--- Data supplied Enclosed Below ---

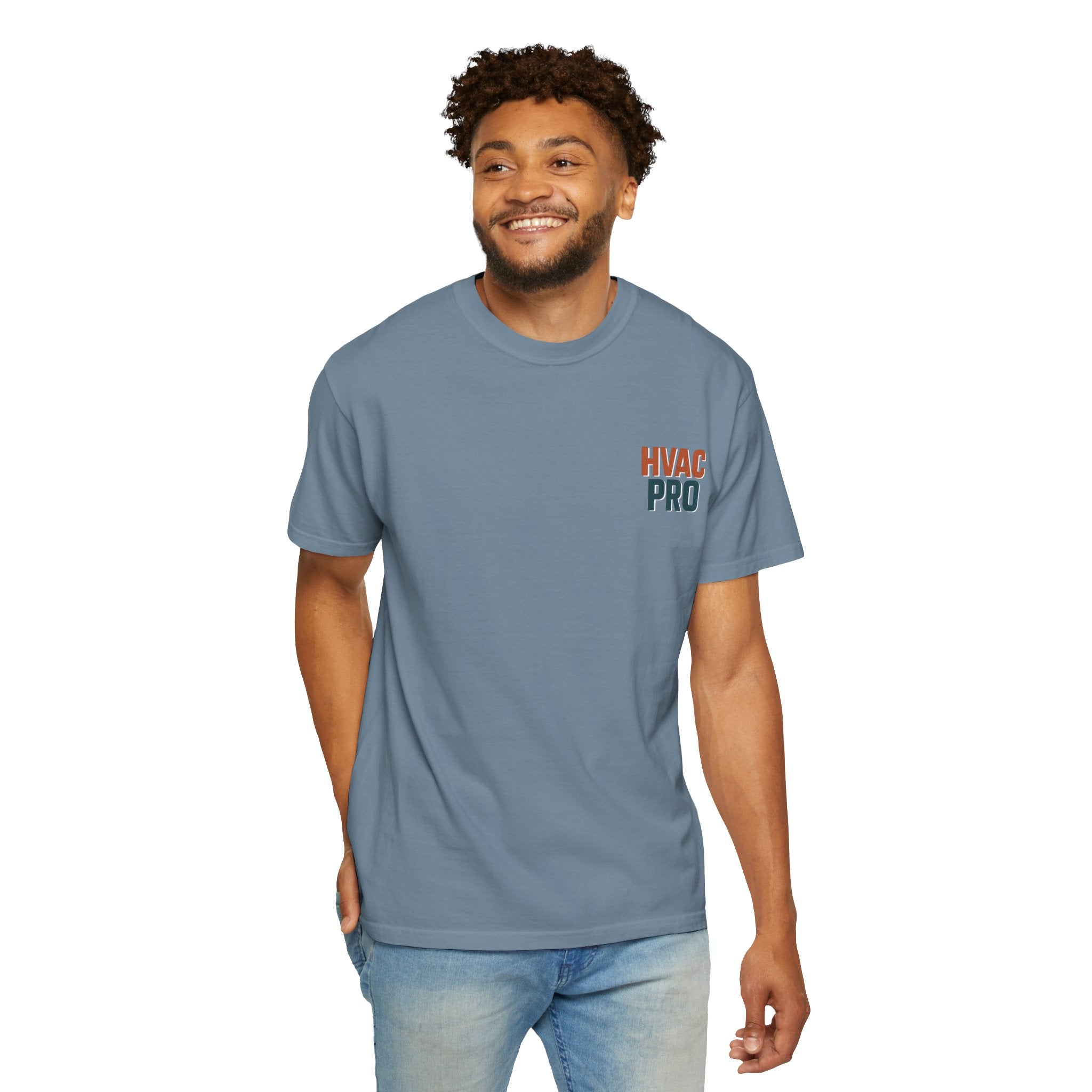 HVAC Pro Graphic T-shirt | Sweat, Freon, & a Little Bit of Attitude | HVAC Technician Tee
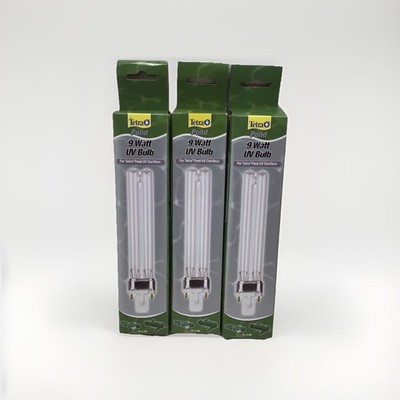 TetraPond 9 Watt UV Bulb For Tetra Pond UV Clarifiers LOT OF 3 - New Open Box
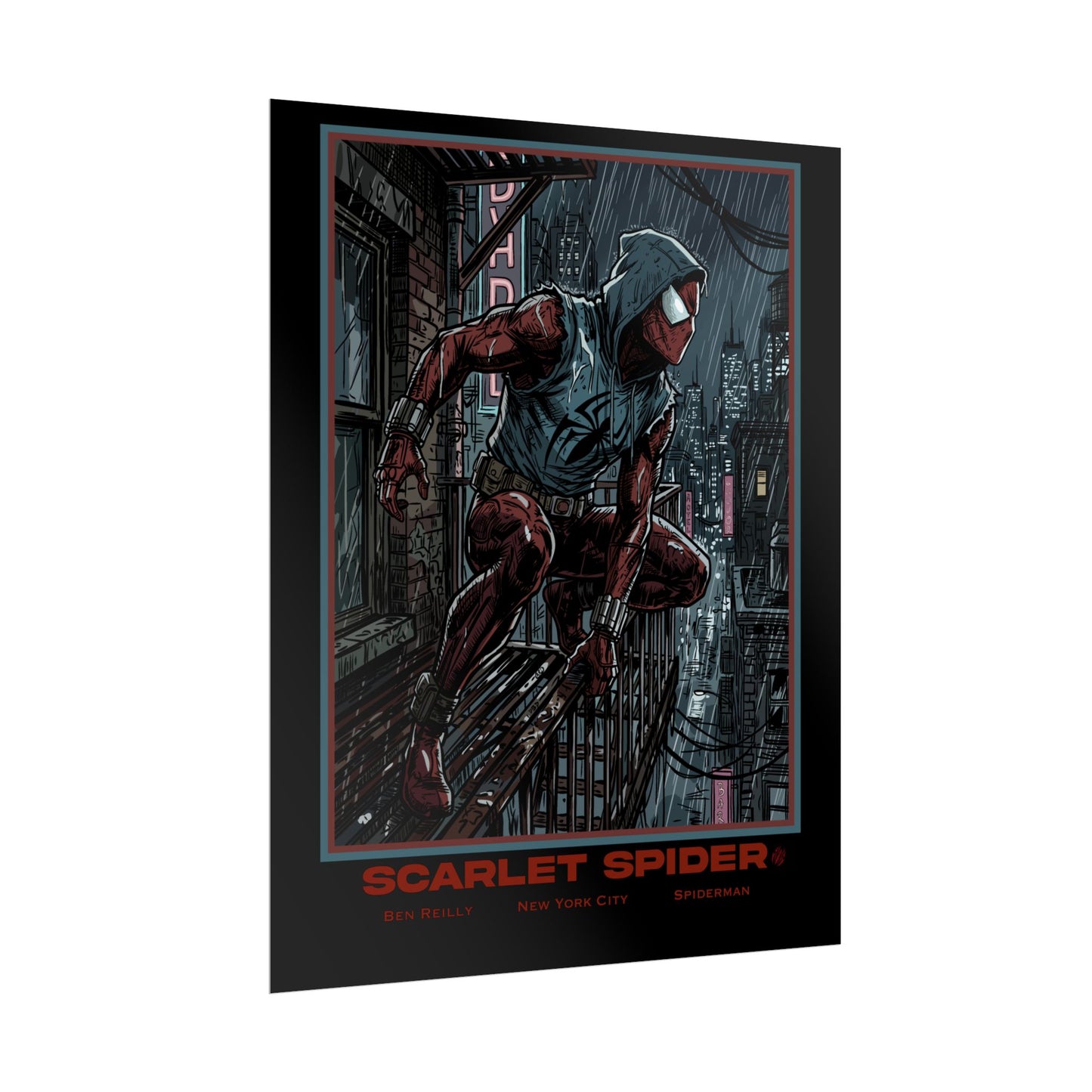 Scarlet Spider Cinematic Poster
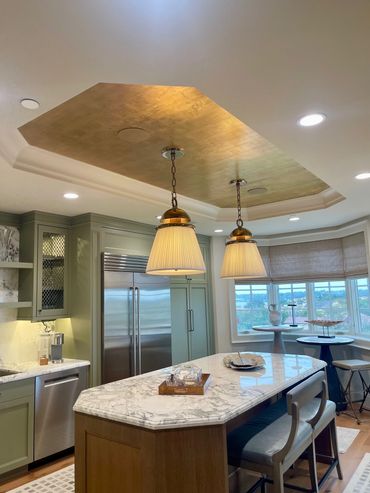 Gold Leaf with Over Glazing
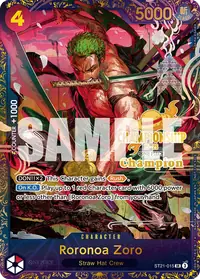 Roronoa Zoro ST21-015_p2 · Arte alternativo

--- End of Enclosed Data supplied ---

▸ Action item
Transcribe only the lines from the one holding "Gold Leaf with Over Glazing" through the last line of the listing above, inclusive, and do not include the pictures.

▸ Written response
 Gold Leaf with Over Glazing
 Roronoa Zoro ST21-015_p2 · Arte alternativo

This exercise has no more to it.